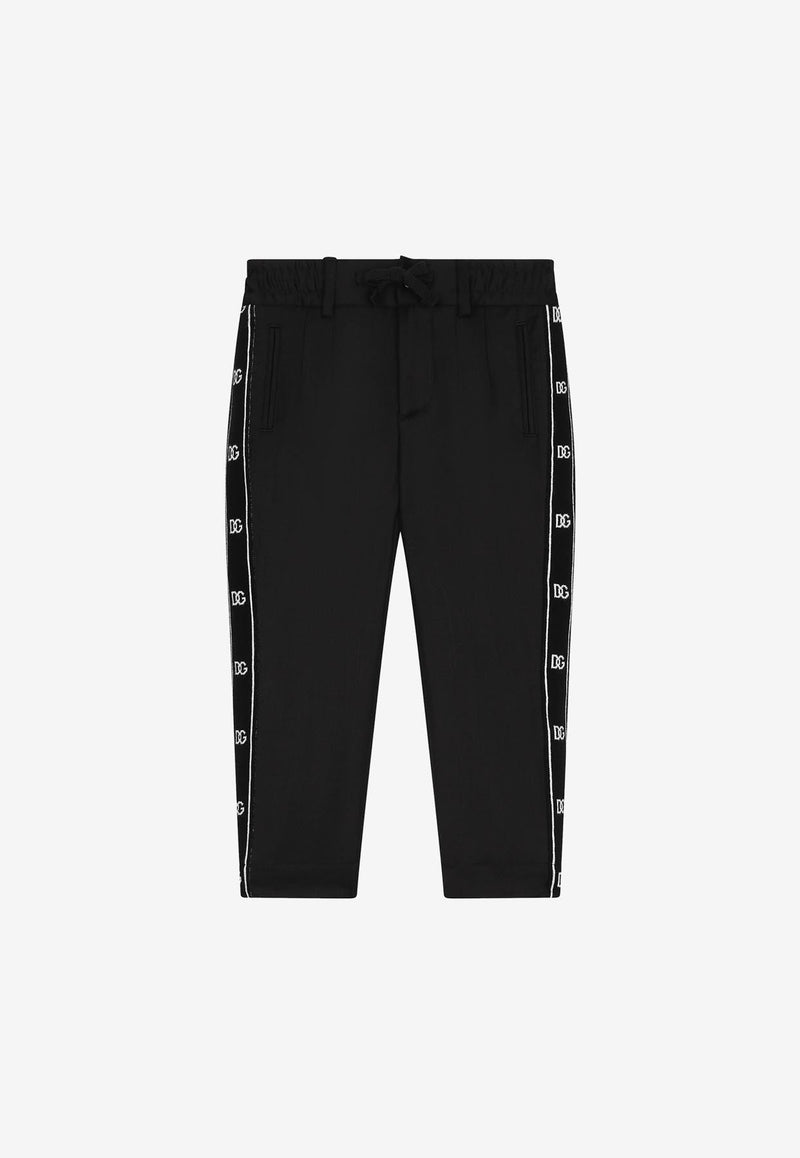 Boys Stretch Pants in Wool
--
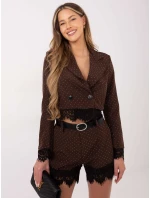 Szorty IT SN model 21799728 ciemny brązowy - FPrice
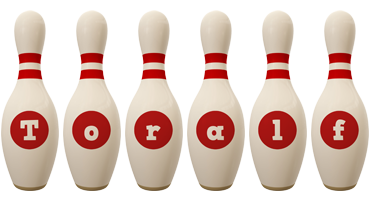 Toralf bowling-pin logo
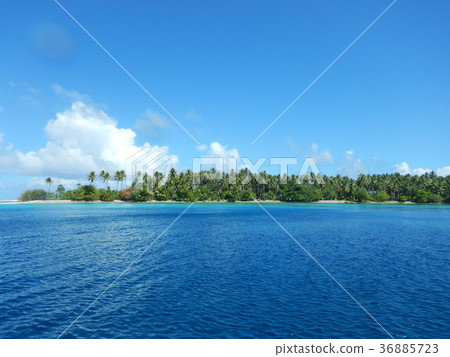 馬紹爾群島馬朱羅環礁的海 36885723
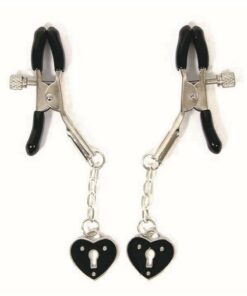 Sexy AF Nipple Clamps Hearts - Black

== Exercise aim ==
Take only the lines above from the one that has "Toralf bowling-pin logo" through the one that has "Sexy AF Nipple Clamps Hearts - Black" and reproduce them exactly, omitting any pictures.

== Answer space ==
 Toralf bowling-pin logo
 馬紹爾群島馬朱羅環礁的海 36885723
 Sexy AF Nipple Clamps Hearts - Black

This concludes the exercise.